Sgt. Ronald Kidd was suspended Monday after police Chief James Craig said he sat in his squad car Nov. 20, as fellow officers screamed over the police radio for someone to help McClain, who'd just been shot.

McClain was killed after he and partner Phillippe Batoum-Bisse responded to a reported home invasion by a 28-year-old man armed with a rifle. According to Craig, McClain called for backup and then led a team of four officers into the house to search for the gunman.

As they descended the basement stairs, Craig said the man fired two shots, striking McClain in the neck and Batoum-Bisse in the left ankle.

Police investigators sent a warrant request to Wayne County Prosecutor's Office seeking murder charges against the suspect, but prosecutors returned the warrant for more work. 

Craig criticized Kidd, saying he "sat in his scout car a block away while you could hear people screaming ‘officer down’ on the radio."

Craig added police officials are considering whether to seek misdemeanor neglect of duty charges against Kidd. The charges carry a maximum of one year in prison and a $1,000 fine.

Kidd's attorneys, Odey Meroueh and Zachary Hallman, issued a statement insisting their client is being unfairly portrayed as a coward.

"We believe the characterization of Sgt. Kidd's character to be inaccurate and defamatory — particularly in light of his 21 years of service to the City of Detroit and before that to our country as a United States Marine."

Reached by phone Friday, Meroueh declined further comment.

Kidd was fired from the police department in 2014 for cowardice after police video showed he failed to act while his female partner was being assaulted by a mentally ill man in a detention facility, Craig said.

Kidd got his job back via an internal plea agreement, although Craig said he didn't agree to the 2015 deal, which he said was signed by someone else using the chief's name. Craig said he's investigating what happened with the signature, which he insisted wasn't his handwriting.

That agreement lowered Kidd's punishment from termination for cowardice to a 68-day suspension, Craig said.

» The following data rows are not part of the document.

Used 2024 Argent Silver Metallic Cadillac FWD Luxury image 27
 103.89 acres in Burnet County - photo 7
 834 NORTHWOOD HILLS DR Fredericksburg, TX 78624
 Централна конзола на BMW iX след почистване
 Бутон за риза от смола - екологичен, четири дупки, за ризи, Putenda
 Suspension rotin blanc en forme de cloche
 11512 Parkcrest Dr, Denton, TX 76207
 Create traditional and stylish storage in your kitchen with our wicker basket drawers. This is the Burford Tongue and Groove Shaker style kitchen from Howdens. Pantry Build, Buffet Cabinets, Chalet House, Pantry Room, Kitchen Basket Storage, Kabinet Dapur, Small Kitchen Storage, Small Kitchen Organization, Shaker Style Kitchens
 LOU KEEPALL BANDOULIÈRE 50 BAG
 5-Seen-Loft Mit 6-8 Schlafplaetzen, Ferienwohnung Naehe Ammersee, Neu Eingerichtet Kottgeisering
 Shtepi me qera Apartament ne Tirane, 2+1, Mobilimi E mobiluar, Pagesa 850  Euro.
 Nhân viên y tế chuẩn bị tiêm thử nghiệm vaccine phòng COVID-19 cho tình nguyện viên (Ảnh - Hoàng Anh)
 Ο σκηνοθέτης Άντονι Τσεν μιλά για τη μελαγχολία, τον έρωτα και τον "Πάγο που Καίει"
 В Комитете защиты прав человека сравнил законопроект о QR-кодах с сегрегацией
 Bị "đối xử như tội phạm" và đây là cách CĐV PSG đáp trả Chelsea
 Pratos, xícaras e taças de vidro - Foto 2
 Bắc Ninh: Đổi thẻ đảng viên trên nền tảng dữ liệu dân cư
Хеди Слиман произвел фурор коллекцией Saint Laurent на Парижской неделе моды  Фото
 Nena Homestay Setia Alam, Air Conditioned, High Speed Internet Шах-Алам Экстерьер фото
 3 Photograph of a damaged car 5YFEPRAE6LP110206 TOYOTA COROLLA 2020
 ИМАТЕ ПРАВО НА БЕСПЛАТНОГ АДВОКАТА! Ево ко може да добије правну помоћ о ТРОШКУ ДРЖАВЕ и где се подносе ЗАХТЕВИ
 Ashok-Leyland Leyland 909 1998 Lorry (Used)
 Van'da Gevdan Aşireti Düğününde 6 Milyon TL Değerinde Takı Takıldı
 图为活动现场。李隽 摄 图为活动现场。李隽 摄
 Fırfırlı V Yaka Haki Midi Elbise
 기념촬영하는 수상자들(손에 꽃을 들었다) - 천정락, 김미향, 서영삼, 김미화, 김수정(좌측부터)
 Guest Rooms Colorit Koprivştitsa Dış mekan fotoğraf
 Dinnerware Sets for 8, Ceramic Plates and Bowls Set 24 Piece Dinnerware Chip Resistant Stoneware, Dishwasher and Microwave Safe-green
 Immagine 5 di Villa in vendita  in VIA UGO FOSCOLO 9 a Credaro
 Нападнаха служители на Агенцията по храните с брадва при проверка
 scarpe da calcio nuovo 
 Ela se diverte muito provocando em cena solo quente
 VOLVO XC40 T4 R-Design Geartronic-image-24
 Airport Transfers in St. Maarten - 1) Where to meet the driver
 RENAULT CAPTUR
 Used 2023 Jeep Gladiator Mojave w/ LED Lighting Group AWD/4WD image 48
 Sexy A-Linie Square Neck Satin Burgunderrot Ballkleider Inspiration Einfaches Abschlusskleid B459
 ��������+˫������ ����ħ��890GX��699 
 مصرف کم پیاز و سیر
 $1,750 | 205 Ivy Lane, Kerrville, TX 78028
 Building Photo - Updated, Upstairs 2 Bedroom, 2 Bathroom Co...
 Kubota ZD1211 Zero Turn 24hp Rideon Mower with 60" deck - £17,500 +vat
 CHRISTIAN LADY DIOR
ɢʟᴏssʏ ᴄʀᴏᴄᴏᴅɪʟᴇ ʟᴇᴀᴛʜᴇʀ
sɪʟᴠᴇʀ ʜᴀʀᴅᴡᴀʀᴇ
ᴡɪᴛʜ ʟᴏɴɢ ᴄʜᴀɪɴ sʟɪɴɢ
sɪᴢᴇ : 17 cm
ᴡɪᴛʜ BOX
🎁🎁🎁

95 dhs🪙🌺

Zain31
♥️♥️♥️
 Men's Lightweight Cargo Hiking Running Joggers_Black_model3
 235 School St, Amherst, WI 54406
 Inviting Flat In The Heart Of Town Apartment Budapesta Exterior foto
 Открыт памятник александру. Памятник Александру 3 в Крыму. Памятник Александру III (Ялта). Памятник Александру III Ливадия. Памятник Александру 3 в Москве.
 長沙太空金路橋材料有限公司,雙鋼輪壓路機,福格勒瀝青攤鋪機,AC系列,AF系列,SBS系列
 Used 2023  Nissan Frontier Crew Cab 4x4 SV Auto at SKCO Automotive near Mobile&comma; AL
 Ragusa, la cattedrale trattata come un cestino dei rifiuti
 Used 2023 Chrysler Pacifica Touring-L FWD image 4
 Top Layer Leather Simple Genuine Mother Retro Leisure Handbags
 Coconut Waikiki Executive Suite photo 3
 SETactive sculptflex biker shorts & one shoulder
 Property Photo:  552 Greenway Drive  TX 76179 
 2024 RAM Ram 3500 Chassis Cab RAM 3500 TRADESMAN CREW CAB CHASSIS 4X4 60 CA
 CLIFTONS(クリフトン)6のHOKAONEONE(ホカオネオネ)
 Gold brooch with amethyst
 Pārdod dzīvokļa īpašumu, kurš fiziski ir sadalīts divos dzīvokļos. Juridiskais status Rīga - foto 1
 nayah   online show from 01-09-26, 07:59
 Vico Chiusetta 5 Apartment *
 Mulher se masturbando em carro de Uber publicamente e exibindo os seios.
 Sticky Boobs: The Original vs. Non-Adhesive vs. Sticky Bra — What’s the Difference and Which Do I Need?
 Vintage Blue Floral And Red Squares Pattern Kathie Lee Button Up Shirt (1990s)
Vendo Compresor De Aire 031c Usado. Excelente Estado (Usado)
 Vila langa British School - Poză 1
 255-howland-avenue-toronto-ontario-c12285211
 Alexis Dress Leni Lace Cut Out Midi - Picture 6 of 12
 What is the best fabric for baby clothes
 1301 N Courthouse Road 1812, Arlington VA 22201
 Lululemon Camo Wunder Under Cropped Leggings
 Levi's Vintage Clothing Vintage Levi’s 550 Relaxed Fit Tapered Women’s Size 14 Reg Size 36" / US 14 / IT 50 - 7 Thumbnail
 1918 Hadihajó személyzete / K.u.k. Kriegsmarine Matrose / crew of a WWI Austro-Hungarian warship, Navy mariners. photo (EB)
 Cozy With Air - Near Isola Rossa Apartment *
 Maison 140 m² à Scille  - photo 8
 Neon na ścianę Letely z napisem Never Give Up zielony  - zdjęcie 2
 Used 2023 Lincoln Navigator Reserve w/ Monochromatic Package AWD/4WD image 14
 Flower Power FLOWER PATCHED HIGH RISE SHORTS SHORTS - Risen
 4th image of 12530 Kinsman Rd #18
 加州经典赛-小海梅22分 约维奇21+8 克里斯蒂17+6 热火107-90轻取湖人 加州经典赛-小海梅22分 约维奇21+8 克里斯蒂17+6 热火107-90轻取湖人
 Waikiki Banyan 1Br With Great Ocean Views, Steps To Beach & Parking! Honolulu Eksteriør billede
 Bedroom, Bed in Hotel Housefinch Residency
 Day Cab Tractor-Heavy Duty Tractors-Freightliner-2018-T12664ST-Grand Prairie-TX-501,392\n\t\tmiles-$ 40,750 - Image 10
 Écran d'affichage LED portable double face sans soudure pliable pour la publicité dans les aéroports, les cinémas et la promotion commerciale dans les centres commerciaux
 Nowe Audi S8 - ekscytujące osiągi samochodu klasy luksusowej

Kidd, who has been with the department since 1998, was promoted to the rank of sergeant in June 2018. Craig said union rules mandated Kidd be put on the promotion list, although the chief said at a Tuesday press conference: "If it was up to me, I wouldn't have promoted him."

Craig announced Monday he'd suspended Kidd after reviewing the McClain shooting.

McClain's death was the culmination of a series of shootings involving the suspect, a parolee whom police officials say was obsessed with a 16-year-old girl and a 32-year-old woman, police said.

Craig said the suspect was in relationships with the teenager and the woman. The woman lived in the house on Wyoming where McClain and his partner were shot, although the 16-year-old does not live there as police initially thought, Craig said. He added investigators have not been able to locate the teen.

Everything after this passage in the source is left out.